_Recorded data_:
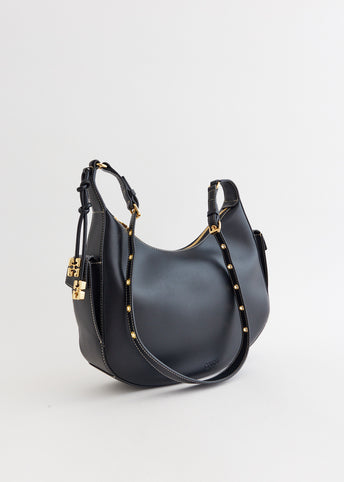 Large Hobo Bag
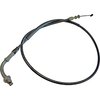 Cavo gas per BMW K 1200 GT -'04 apertura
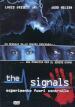 Signals (The)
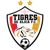 Tigritos de Álica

_What is needed_: Output the whole listing exactly. Pictures stay out.

_Answer space_:
 Large Hobo Bag
 Cavo gas per BMW K 1200 GT -'04 apertura
 Signals (The)
 Tigritos de Álica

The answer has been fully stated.